Your answer should be the lines below from the one with "Beautiful Waikiki city" to the one with "Close-up of texture", both included, given again exactly and with nothing added.

▶ _Material for the task_:
____________________
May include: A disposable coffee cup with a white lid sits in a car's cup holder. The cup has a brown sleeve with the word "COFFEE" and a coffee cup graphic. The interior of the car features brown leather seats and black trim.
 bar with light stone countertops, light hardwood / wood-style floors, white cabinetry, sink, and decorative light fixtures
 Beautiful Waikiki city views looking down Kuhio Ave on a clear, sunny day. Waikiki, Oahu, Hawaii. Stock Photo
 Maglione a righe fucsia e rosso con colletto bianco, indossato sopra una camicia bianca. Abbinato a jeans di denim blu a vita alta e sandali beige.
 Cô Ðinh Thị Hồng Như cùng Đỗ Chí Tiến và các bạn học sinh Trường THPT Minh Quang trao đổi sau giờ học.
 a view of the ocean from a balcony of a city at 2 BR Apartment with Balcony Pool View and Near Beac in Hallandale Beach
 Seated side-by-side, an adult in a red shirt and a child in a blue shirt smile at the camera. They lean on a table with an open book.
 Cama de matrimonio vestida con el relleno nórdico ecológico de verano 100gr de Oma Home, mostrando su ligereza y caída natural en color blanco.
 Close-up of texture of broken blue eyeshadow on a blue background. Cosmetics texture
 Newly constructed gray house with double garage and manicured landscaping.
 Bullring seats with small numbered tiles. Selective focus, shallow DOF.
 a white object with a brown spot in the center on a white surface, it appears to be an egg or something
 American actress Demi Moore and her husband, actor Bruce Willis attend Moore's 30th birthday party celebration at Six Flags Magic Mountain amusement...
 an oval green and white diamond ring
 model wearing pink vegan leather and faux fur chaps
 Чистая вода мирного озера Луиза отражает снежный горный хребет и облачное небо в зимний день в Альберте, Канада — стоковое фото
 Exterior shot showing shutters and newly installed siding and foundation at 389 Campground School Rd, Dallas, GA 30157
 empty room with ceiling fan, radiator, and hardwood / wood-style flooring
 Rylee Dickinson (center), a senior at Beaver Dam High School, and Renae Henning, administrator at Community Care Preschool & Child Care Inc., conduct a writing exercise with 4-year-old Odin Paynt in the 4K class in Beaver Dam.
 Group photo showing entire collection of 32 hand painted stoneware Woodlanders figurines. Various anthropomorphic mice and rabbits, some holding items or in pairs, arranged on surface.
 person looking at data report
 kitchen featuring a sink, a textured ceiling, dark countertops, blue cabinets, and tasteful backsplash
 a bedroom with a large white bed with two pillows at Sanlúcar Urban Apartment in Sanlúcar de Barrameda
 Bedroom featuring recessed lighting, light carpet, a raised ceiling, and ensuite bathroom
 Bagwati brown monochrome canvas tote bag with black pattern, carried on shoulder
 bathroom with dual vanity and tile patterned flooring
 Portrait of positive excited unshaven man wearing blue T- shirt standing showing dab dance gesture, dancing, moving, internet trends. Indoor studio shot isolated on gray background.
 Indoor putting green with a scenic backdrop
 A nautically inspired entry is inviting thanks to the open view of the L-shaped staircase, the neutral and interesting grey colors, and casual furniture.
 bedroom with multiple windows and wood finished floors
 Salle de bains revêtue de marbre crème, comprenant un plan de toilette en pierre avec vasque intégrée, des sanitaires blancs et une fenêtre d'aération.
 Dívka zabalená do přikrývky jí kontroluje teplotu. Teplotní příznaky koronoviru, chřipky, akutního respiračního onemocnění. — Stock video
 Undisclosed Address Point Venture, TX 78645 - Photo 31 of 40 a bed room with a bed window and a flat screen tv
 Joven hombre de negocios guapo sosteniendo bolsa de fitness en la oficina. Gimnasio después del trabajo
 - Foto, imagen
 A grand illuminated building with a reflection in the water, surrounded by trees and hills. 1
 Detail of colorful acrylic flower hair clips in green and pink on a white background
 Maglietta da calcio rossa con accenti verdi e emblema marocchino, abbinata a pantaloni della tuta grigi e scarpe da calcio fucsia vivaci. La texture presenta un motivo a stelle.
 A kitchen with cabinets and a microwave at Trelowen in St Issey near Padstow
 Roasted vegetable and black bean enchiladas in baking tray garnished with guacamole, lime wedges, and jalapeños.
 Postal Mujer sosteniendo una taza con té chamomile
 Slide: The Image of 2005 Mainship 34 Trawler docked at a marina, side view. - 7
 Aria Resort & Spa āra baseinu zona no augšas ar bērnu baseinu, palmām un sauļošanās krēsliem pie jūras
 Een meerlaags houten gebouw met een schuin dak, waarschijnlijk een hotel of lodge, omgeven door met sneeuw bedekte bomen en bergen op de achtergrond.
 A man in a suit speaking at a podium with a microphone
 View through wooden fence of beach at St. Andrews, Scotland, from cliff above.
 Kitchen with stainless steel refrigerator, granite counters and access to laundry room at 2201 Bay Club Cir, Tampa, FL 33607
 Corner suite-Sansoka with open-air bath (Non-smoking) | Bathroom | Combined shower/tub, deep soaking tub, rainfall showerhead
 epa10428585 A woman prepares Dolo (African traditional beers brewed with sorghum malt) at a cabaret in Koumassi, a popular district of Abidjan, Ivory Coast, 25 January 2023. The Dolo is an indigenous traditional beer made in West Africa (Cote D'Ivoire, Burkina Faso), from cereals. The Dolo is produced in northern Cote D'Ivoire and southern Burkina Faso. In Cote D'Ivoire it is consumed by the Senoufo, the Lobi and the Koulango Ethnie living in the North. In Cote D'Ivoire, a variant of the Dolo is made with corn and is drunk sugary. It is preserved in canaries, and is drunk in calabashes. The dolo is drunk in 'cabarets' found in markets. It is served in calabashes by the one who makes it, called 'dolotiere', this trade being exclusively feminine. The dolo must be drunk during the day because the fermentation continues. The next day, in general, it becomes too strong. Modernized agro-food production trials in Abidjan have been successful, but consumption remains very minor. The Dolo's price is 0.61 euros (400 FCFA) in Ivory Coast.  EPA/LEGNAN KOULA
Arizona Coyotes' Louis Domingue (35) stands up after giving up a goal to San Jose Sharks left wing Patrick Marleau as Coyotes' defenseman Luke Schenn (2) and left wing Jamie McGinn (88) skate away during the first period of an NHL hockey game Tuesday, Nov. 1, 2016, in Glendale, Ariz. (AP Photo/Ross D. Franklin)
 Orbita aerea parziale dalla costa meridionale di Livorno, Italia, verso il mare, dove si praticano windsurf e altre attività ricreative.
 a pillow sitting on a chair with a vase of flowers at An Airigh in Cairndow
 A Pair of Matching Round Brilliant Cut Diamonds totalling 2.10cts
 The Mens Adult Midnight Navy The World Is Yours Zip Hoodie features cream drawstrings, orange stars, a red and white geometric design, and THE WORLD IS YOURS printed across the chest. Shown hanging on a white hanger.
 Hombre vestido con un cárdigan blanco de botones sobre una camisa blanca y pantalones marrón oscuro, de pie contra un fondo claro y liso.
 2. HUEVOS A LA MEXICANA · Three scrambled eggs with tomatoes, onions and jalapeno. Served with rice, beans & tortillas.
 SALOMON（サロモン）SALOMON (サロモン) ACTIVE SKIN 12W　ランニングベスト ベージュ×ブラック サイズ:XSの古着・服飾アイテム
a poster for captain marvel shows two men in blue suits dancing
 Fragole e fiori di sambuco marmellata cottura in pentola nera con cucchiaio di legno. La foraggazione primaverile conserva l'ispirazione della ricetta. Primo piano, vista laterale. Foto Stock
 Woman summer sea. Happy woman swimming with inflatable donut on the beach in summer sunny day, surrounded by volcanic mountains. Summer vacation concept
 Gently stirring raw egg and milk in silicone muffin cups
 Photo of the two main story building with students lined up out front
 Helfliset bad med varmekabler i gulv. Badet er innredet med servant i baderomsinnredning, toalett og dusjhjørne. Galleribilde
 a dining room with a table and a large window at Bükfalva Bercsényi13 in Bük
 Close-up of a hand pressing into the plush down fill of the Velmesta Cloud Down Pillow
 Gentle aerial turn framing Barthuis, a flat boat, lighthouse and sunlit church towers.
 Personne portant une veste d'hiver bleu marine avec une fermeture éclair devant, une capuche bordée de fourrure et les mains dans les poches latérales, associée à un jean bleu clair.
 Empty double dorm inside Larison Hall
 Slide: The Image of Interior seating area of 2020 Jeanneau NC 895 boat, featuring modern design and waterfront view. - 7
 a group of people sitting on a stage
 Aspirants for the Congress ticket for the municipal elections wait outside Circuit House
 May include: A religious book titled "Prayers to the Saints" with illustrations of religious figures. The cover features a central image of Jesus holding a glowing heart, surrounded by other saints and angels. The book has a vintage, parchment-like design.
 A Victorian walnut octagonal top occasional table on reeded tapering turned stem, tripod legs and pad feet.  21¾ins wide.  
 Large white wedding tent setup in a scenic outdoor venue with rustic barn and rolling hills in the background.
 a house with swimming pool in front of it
____________________
▶ _Answer to the problem_:
 Beautiful Waikiki city views looking down Kuhio Ave on a clear, sunny day. Waikiki, Oahu, Hawaii. Stock Photo
 Maglione a righe fucsia e rosso con colletto bianco, indossato sopra una camicia bianca. Abbinato a jeans di denim blu a vita alta e sandali beige.
 Cô Ðinh Thị Hồng Như cùng Đỗ Chí Tiến và các bạn học sinh Trường THPT Minh Quang trao đổi sau giờ học.
 a view of the ocean from a balcony of a city at 2 BR Apartment with Balcony Pool View and Near Beac in Hallandale Beach
 Seated side-by-side, an adult in a red shirt and a child in a blue shirt smile at the camera. They lean on a table with an open book.
 Cama de matrimonio vestida con el relleno nórdico ecológico de verano 100gr de Oma Home, mostrando su ligereza y caída natural en color blanco.
 Close-up of texture of broken blue eyeshadow on a blue background. Cosmetics texture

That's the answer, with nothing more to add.